Ma’s Rifle
Late one night, at the cabin way up north, we heard a truck coming along the driveway when a truck wasn’t supposed to come. My mother pulled on her boots, loaded her rifle, and told us, “Stay in the house, kids.” Then she stepped out on the front porch with her gun and our dog.
My brothers stayed in the bedroom, but I crept to the kitchen window and peered over the sill to see her standing under the porch light in her Lanz nightgown, with her long black braid falling down her back. Our golden retriever was normally too good natured to be a threat, but as he stood beside her, facing the drive, he wasn’t wagging his tail. The pick-up truck’s lights swung around the last curve and cut across the pump in the front yard before the truck came to a stop in the gravel. Its engine was still running, and three men were crowded in the front seat. As the driver opened his door, staticky country music and laughter came out with him.
“How are you doing?” the man said. He was a tall, clean-shaven man in a black shirt and jeans.
“You can just get back in your truck and keep driving,” Ma said.
“But this here’s the end of the road. I hear there’s a pretty woman lives at the end of the road.”

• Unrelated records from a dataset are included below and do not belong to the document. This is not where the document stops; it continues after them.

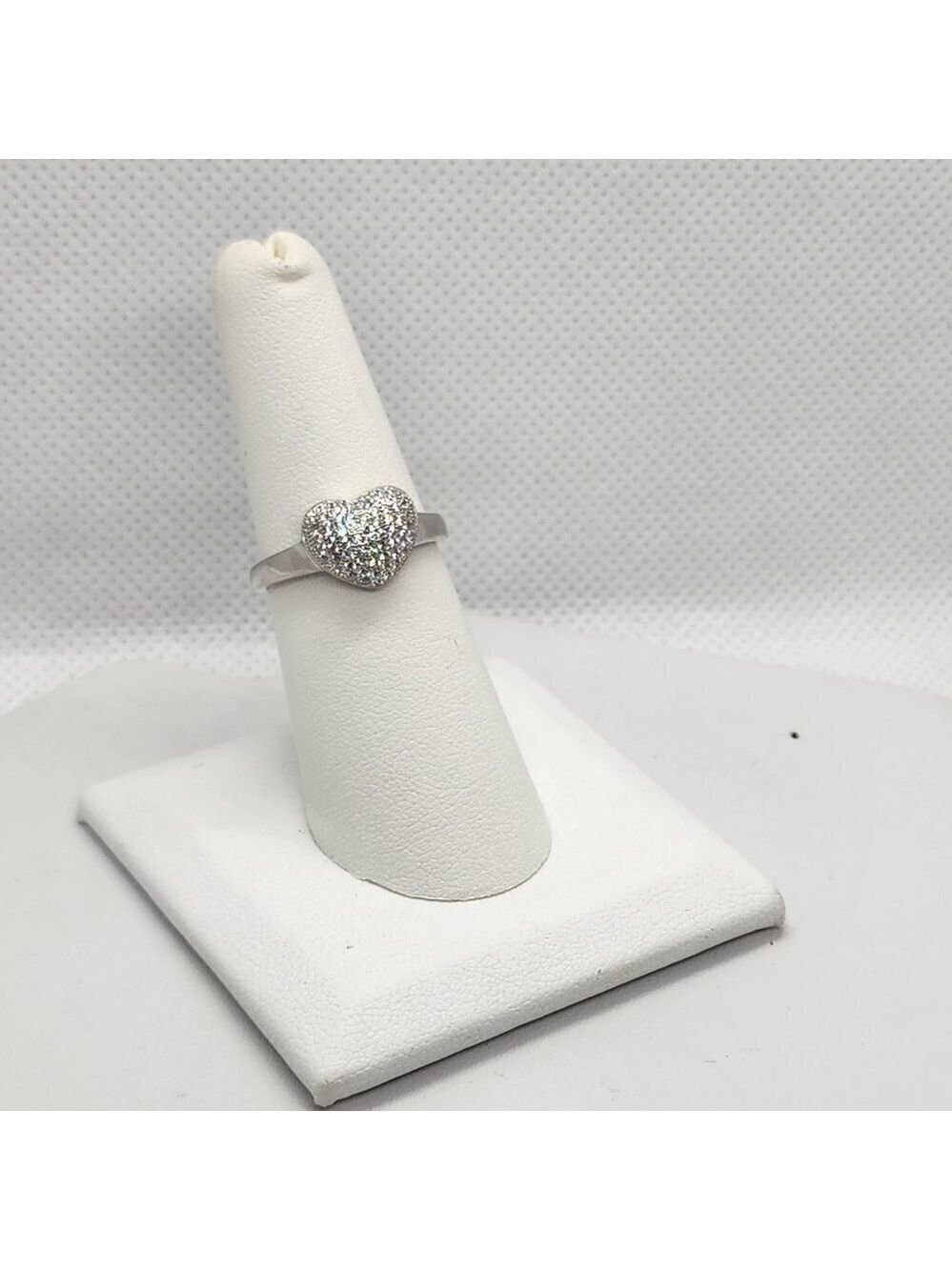 Brand New Sterling Silver 925 Heart Ring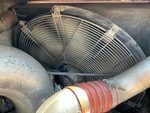 Engine with Radiator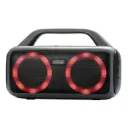 Parlante Inalámbrico American Electric S612 50W RGB IPX4 Negro JF-S612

She lifted her rifle to her shoulder and aimed it at his boots.
“Now, wait a second. You know how to use that thing?” he said.
“I said to go,” Ma said.
The dog growled.
The guy lifted both his hands and took a step backward. “I was just looking for Howie. Is he here?”
She aimed the rifle higher. “One. Two,” Ma said.

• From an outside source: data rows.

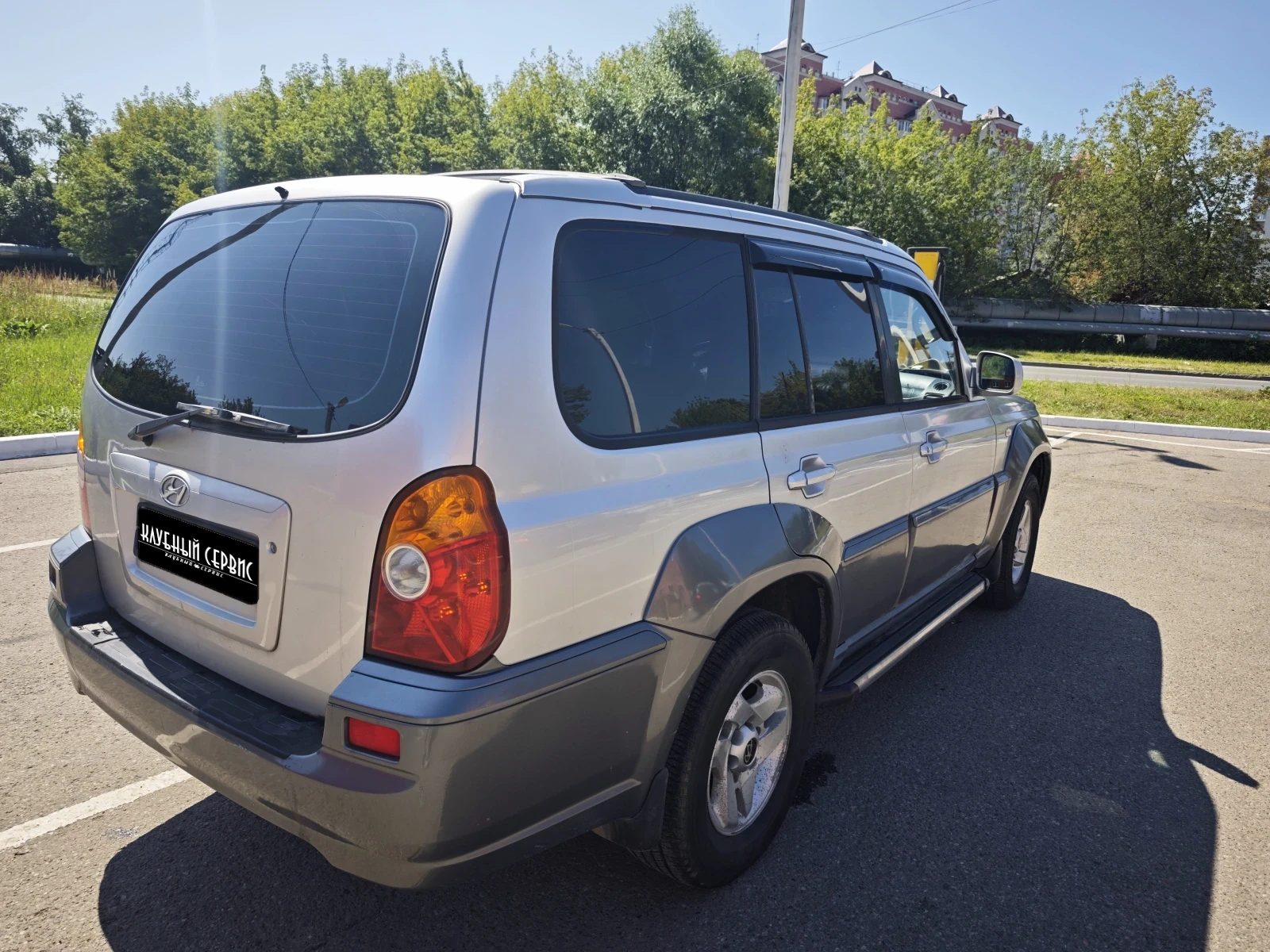 Hyundai Terracan, 2003г, полный привод, автомат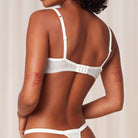 Triumph Signature Sheer WHP BH med bøjle, natural - 10215948 - 1595 - Ecru White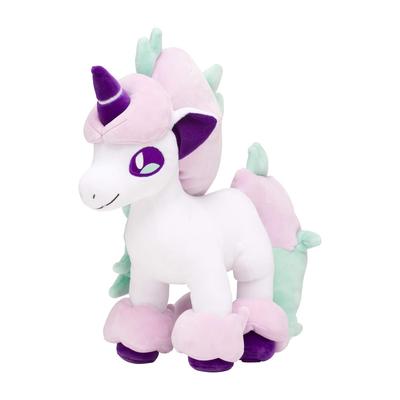 Мягкая игрушка покемон HELLO PONYTA Галар Понита 30×38×14.5(В×Ш×Гсм)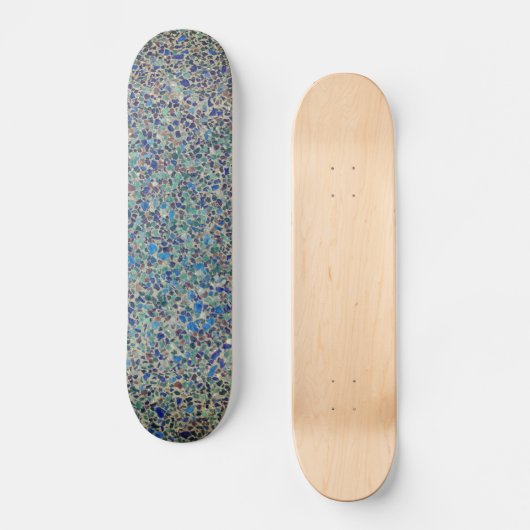 Urban Rustic Cityscape Two Skateboard (Voorkant)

The guy scrambled back into his truck, swearing as he slammed the door. The wheels spun streaks in the gravel as he reversed and then headed back down the driveway. That was when the dog started barking, loud and fierce. Ma reached down to pet his head. When the sound of the truck was gone entirely, she came back in the kitchen door and turned on the overhead light.
I was still hunkered down by the window, afraid to move. She braced the rifle across her knee and took the bullets out. Then she gazed across at me.
“Where are your brothers?”
I pointed back towards the bedroom.
She gave me a little smile. “You scared?”
I nodded.
“Me, too,” she said. “Come on. Back to bed. They’re gone.”
“Would you have killed him?”
“I didn’t need to, did I? Come on.”
After that, I never knew when they’d come back, or if they would, but I knew Ma was ready. She didn’t mess around, my mother.